Plagues, Pestilences and Diseases
The gruesome toll of epidemic hospital infections
A column in yesterday’s New York Times by Maureen Dowd about how
her brother died after acquiring infections in the hospital
certainly struck a nerve – it was No. 1 on the paper’s website for
much of the day.
No wonder, considering the number of people who die of infections
as her brother did.
“The simplest way to say this is that about 100,000 people die
each year from infections we give them in the hospital,” says Dr.
Peter Pronovost, director of the Quality and Safety Research Group
at Johns Hopkins University. “That’s enormous.”The math, he says,
is pretty gruesome. Take the two most deadly types of infections
hospitals give their patients: infections from ventilators and
infections from catheters. Together, those kill 65,000 people a
year. There are about 5,000 hospitals in the United States, so
statistically, each hospital in the United States gives these
deadly infections to one patient every month.
In her column, Dowd described how her brother went into the
hospital with pneumonia and quickly contracted four other
infections in the intensive care unit. When she asked a doctor why
this was happening, he told her, “It could be anything.’”
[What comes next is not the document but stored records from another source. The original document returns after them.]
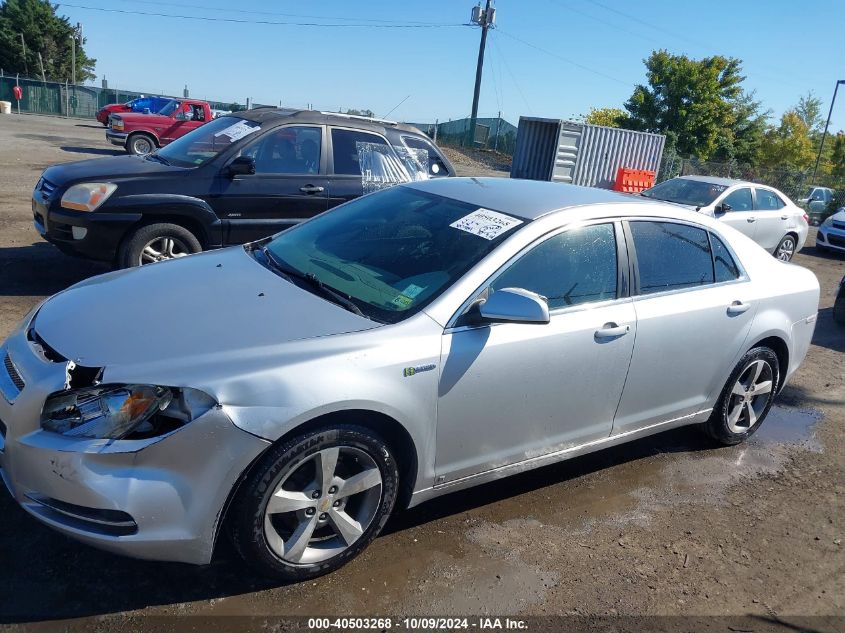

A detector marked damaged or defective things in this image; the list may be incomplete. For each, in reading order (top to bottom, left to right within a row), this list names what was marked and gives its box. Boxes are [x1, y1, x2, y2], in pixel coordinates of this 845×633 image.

cracked headlight [42, 382, 174, 436]
damaged front bumper [0, 318, 268, 564]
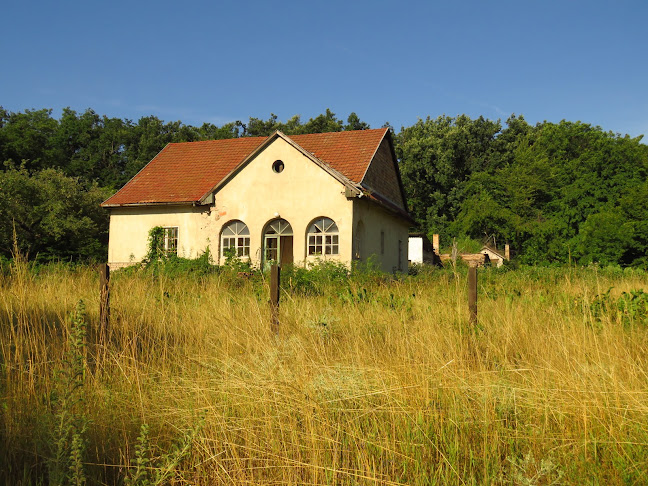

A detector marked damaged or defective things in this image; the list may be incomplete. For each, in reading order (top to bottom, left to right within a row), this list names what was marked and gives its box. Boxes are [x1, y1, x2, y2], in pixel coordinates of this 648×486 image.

broken window [221, 221, 249, 258]
broken window [308, 216, 340, 254]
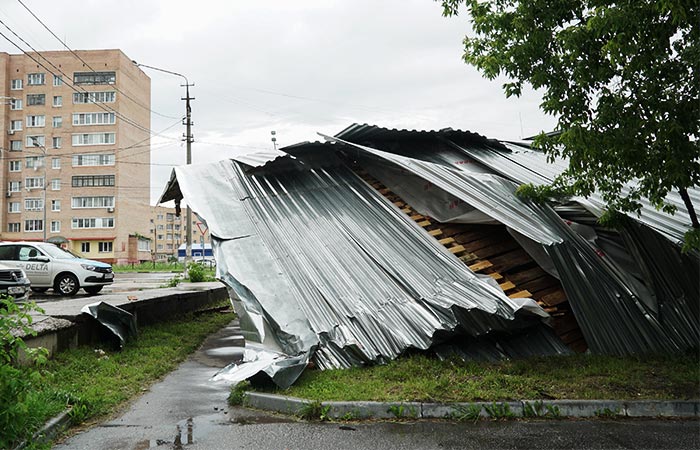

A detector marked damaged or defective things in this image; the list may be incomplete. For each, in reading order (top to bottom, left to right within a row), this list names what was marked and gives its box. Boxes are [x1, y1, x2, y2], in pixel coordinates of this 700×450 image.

crumpled metal sheeting [230, 162, 548, 372]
This is exactly the kind of attitude that’s killing patients,
Pronovost says.
“What really struck me most in Maureen’s column was the
physician’s lack of accountability,” he explains. “He didn’t see
this as his problem. It was like, ‘Well, this stuff happens.’”
Pronovost says the doctor viewed hospital-acquired infections as
being in the “inevitable bucket” when really they’re in the
“preventable bucket.” He says when hospitals have taken simple
steps they’ve managed to reduce pneumonia infections associated
with ventilators by 70%.
He says there are two particularly important things families can
do when a loved one is in the hospital. One, they should ask
everyone who comes in contact with the patient to wash his or her
hands. Two, if the patient is on a catheter or a ventilator, they
should ask every day if it can come out, since these pieces of
equipment are ripe locations for infections.